Rabu, 15 Januari 2014

Ruang Rindu

Siang itu, saat teleponku  berdering, sedetik kemudian aku mulai panik. Mengemasi barang-barang, meninggalkan rumah bersama ayah.
Fikirku selalu ke satu ruang itu. Ruang tempatku tumbuh meninggi,tempat tangisku terpecah,  tempatku bermain monopoli, tempatku bersembunyi, tempatku melihat bunga-bunga ibuku..
Ya, tempat semua anganku  kuterbangkan, di ruang itu pula aku kehilangan pendongeng  kisah penjajahan  masa lalu, seorang yang sabar yang selalu kukucurkkan air untuk beliau berwudlu, wajah yang selalu kuhadapkan wajah cemberutku kala beliau tak mau menggendongku lagi..
sekelebat ingatan sepanjang jalan itu membuatku Rindu..

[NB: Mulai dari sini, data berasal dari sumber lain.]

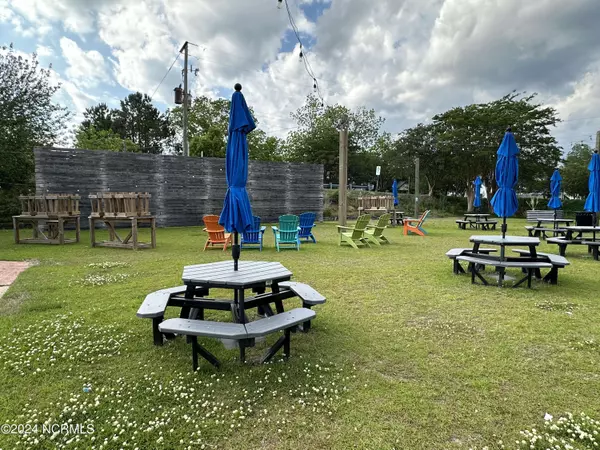 518 Water Street, Oriental, NC 28571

Seketika di ruang itu pula yang telah berubah, semakin kecil kurasa, berkumpul semua di tengah, meneriakkan nama tuhannya, tubuhku merinding di buatnya. Tak ada mulut yang  terdiam, pintaku, mudahkanlah, mudahkanlah, hanya itu yang kuulang-ulang. Aku tak sanggup dan teringat kejadian saat aku kehilangan pendongeng ku. Berjam-jam berlalu, ruangan itu semakin penuh sesak dengan orang- orang dari sebrang pulau yang sudah tiba. Namun  keadaanya tetap sama, wajah itu terdiam.. kakinya mendingin, dan bulir tangis semakin menjadi dari semua yang mengelilingi, tak peduli yang bersongkok atau berkerudung..
Dan pinta ku tetap sama.. mudahkanlah

Pagi hari baru ku tau, ternyata beliau menunggu, menunggu seseorang yang tinggal kabar.. setelah dapat yang di tunggu, berlinang air mata dari wajah yang diam.. Tuhanku  mendengar harapanku, juga semua yang berada disana..
Hanya doa yang bisa kusampaikan dari sini..
Terimakasih akan semua cinta kasih yang pernah ada..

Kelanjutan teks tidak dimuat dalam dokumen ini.